Source code for smqtk_classifier.interfaces.classification_element

import abc
from typing import Any, Dict, Hashable, Mapping, Optional, Tuple, Type, TypeVar

from smqtk_core import Plugfigurable
from smqtk_classifier.exceptions import NoClassificationError


C = TypeVar("C", bound="ClassificationElement")
CLASSIFICATION_LABEL_T = Any
CLASSIFICATION_VALUE_T = float
# For RO input types
CLASSIFICATION_MAP_T = Mapping[CLASSIFICATION_LABEL_T, CLASSIFICATION_VALUE_T]
# For concrete output types
CLASSIFICATION_DICT_T = Dict[CLASSIFICATION_LABEL_T, CLASSIFICATION_VALUE_T]
NEG_INF = float('-inf')



[docs]
class ClassificationElement(Plugfigurable):
    """
    Classification result encapsulation.

    Contains a mapping of arbitrary (but hashable) label values to confidence
    values (floating point in ``[0,1]`` range). If a classifier does not
    produce continuous confidence values, it may instead assign a value of
    ``1.0`` to a single label, and ``0.0`` to the rest.

    UUIDs must maintain unique-ness when transformed into a string.

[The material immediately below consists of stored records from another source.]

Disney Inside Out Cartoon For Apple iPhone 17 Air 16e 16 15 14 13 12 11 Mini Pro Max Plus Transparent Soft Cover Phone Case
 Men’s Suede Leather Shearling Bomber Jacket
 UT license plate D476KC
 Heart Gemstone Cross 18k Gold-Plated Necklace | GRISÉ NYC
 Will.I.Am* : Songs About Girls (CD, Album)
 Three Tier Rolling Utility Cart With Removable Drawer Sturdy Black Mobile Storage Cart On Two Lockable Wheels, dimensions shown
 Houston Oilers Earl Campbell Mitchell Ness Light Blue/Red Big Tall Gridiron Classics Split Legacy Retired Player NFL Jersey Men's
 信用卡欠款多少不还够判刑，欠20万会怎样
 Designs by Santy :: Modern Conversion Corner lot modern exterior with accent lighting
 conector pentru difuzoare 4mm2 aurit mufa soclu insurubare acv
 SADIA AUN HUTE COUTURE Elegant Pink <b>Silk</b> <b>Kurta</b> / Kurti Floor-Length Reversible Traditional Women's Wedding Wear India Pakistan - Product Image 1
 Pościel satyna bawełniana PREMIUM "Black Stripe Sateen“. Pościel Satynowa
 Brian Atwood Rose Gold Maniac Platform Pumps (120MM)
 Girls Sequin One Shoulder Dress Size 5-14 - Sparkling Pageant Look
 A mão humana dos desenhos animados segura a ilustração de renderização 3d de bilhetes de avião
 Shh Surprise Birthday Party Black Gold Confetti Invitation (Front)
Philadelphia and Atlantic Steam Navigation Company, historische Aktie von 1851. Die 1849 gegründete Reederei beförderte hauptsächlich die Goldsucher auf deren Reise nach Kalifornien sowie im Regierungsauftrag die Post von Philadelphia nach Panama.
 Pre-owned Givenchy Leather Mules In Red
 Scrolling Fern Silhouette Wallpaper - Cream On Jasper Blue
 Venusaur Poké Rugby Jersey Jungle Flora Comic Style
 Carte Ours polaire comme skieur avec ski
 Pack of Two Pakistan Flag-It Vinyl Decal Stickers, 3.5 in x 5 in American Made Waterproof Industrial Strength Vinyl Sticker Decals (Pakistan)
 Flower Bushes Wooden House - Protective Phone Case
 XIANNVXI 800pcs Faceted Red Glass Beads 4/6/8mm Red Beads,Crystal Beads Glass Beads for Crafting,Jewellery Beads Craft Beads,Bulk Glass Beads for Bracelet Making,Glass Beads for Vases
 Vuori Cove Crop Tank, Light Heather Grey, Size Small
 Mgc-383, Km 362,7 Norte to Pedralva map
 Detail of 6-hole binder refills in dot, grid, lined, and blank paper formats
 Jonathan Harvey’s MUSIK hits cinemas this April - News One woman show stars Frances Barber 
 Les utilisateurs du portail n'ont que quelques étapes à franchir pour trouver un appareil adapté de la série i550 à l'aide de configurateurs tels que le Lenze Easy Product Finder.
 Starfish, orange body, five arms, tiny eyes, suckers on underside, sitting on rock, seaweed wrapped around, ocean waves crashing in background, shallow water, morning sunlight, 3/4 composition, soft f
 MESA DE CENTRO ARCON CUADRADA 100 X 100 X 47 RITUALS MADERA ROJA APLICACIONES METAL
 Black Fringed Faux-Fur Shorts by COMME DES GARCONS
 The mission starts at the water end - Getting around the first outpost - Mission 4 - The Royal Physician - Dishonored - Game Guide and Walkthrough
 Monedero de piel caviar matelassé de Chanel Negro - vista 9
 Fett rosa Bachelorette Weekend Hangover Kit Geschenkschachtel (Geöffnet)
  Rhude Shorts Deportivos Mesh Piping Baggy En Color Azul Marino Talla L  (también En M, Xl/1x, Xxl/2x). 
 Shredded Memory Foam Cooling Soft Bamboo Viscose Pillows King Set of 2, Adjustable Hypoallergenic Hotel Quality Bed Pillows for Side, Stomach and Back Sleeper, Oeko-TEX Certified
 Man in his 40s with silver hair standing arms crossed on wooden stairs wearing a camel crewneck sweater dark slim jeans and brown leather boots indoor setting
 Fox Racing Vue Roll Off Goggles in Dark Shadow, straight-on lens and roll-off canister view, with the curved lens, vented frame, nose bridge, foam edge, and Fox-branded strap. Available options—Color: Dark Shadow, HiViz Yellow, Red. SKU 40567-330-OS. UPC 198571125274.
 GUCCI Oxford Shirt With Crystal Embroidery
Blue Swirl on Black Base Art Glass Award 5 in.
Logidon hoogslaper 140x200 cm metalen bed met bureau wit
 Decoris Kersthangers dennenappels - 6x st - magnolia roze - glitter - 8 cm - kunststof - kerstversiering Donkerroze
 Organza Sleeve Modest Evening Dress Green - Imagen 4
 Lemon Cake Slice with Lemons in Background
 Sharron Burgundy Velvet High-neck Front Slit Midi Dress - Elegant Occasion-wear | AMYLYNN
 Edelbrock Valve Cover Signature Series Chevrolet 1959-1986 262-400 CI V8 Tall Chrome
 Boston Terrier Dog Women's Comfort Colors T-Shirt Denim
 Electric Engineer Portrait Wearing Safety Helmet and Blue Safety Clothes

    Element equality based on classification labels and values, not the type or
    UUID.

    Since this base class defines ``__getstate__`` and ``__setstate__`` methods
    implementing classes must also extend these methods to support
    serialization. These methods have been marked as abstract to facilitate
    this requirement.

    :param type_name: Name of the type of classifier this classification
        was generated by.
    :param uuid: Unique ID reference of the classification
    """

    __slots__ = ('type_name', 'uuid')

    def __init__(self, type_name: str, uuid: Hashable):
        super(ClassificationElement, self).__init__()
        self.type_name = type_name
        self.uuid = uuid

    def __hash__(self) -> int:
        return hash((self.type_name, self.uuid))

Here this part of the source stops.